Do you think it looks bad for Theresa May next week? If so, know now that it’s even worse than you thought.
On Tuesday, the Commons will hold a “meaningful vote” on the Government’s Brexit plan. It it is defeated, the Prime Minister has pledged to hold a vote on No Deal the following day. If the House votes against that too, she has promised a vote on extension on Thursday.
Now it is possible that those last two votes may not happen at all. If she loses on Tuesday, May could seek to avoid those later votes – which would split her Party, enrage the parts of her Party on the losing side in each, and threaten her own position. She might argue that instead of holding them, her deal should be put to the Commons for the third time. We shall see.
But either way, an important procedural aspect of Tuesday’s vote, and potentially of those later votes too, is being underplayed. The Government motion in each case is amendable.
This means that Labour, the ERG, Oliver Letwin et al can seek to tack on to any motion that is debated any amendment that they want. Each could try variously, for example, to force formal membership post-Brexit of the Customs Union. Or to slap conditions on No Deal. Or to specify a length for extension with which the Government disagrees.
Now MPs obviously can’t simply put down any amendment they like to anything they like. Ultimately, the Speaker determines what’s in order, which amendments are selected, and which are voted on. That’s more good news for the Government (not).

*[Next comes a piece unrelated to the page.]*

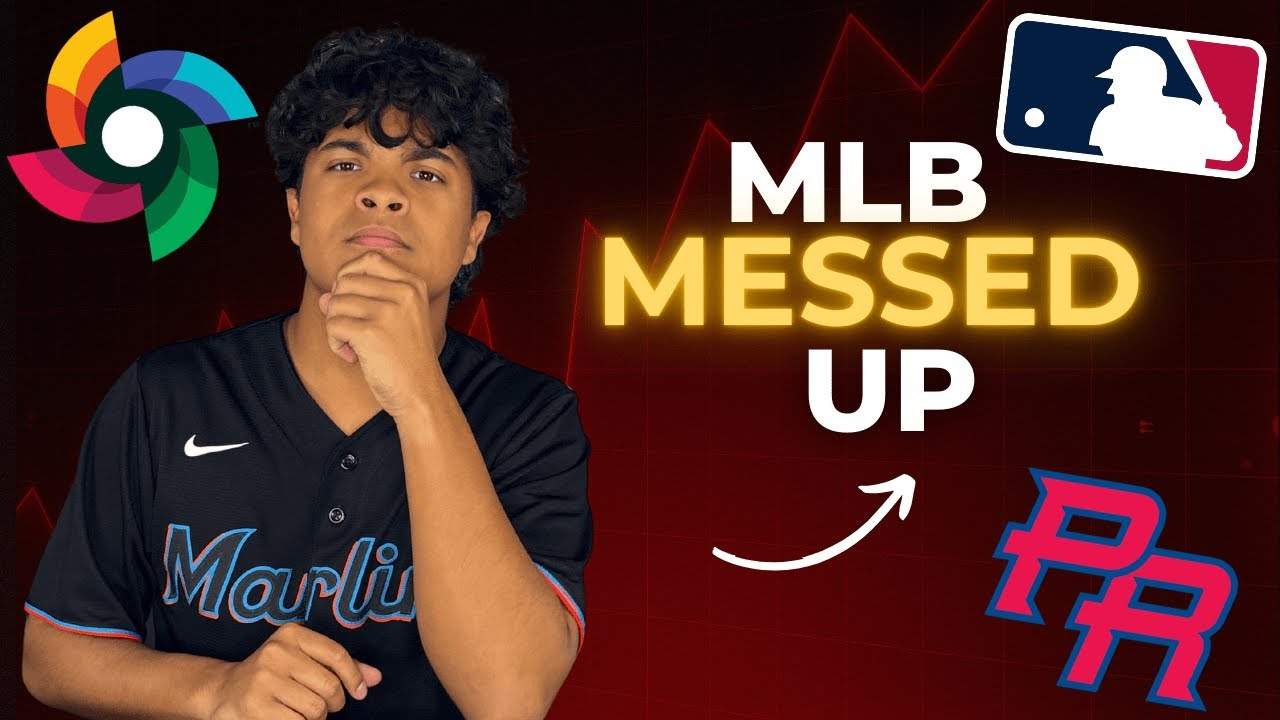 A Message to the MLB...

Furthermore, one procedural expert reminds this site that the MPs in question will have limited time in which to table amendments. For example, if the Government’s Tuesday motion goes down, and it then tables a No Deal motion for Wednesday, MPs will only be able to table amendments to that motion while the House still sits. (Unless the Speaker takes manuscript amendments the next day.)

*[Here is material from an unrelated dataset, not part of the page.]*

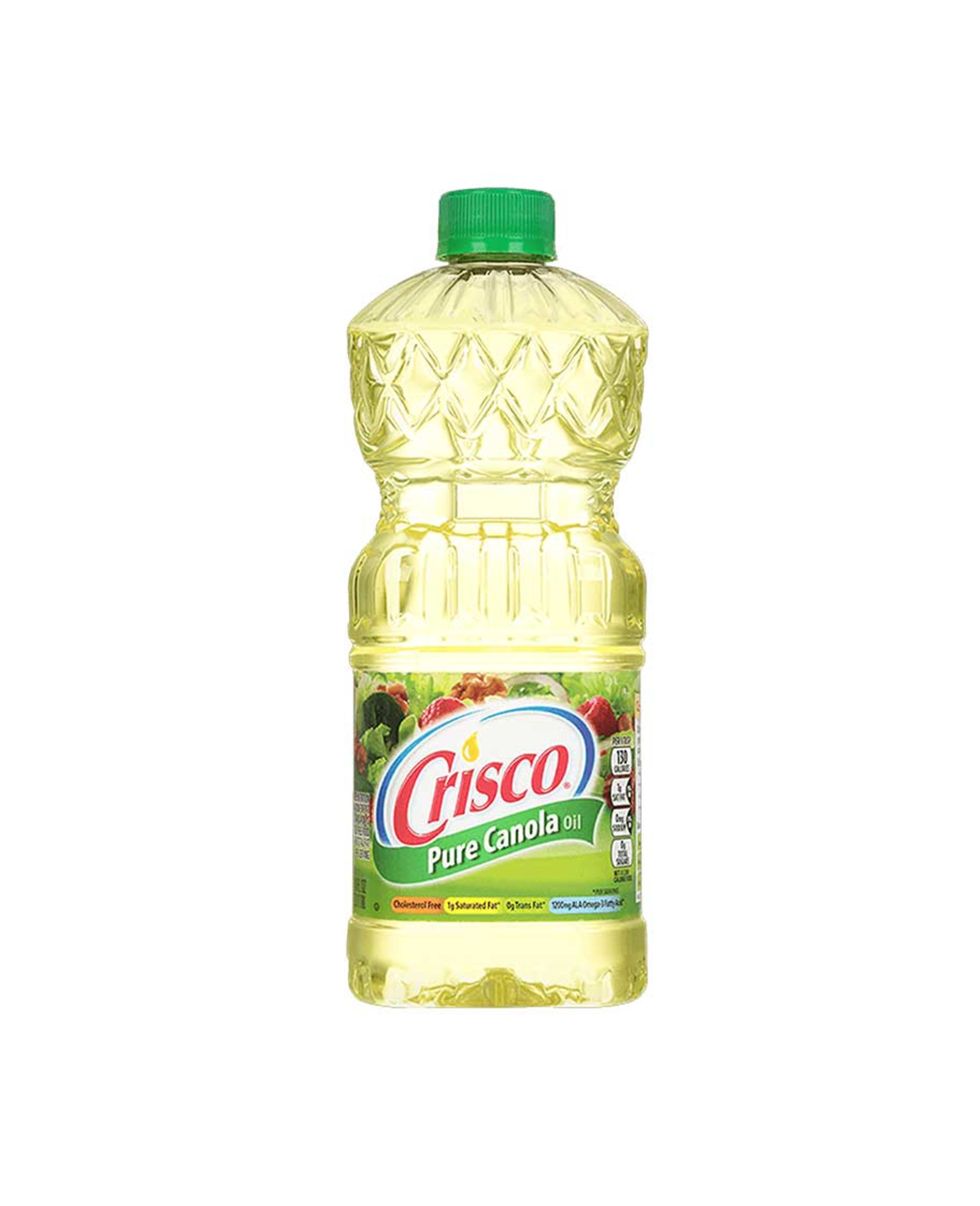Crisco Pure Canola Oil 1.18ltr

That would mean a race against the clock during the expected half hour of the adjournment debate which would follow the divisions on the meaningful vote.
But for all these tabling issues, Government and Commons alike face a nightmare – namely, if clashing amendments pass.
That this could happen isn’t some product of this site’s imagination. For the House has passed such amendments only recently. As recently as late January, it voted for both the Brady amendment, which sought to remove the backstop from the Withdrawal Agreement, and also for the Spelman amendment, which opposed No Deal.
It can be argued that, on paper, these ideals are not ultimately incompatible. But the tensions between them caused plenty of problems for the Government in practice. Last month, the ERG refused to support a Government motion apparently supporting both Brady and Spelman. Nearly a quarter of Tory MPs failed to back May in the lobbies.
So it is not absurd to imagine the Commons, this week, voting both for the Customs Union and against it; against No Deal, but with conditions that might still allow it; for or extensions of different lengths. These are “known unknowns”. All are admittedly unlikely. However, there will also be unknown unknowns which by definition are unseen.
This not so much a can of worms as a can of serpents. Welcome to the Government’s latest hell.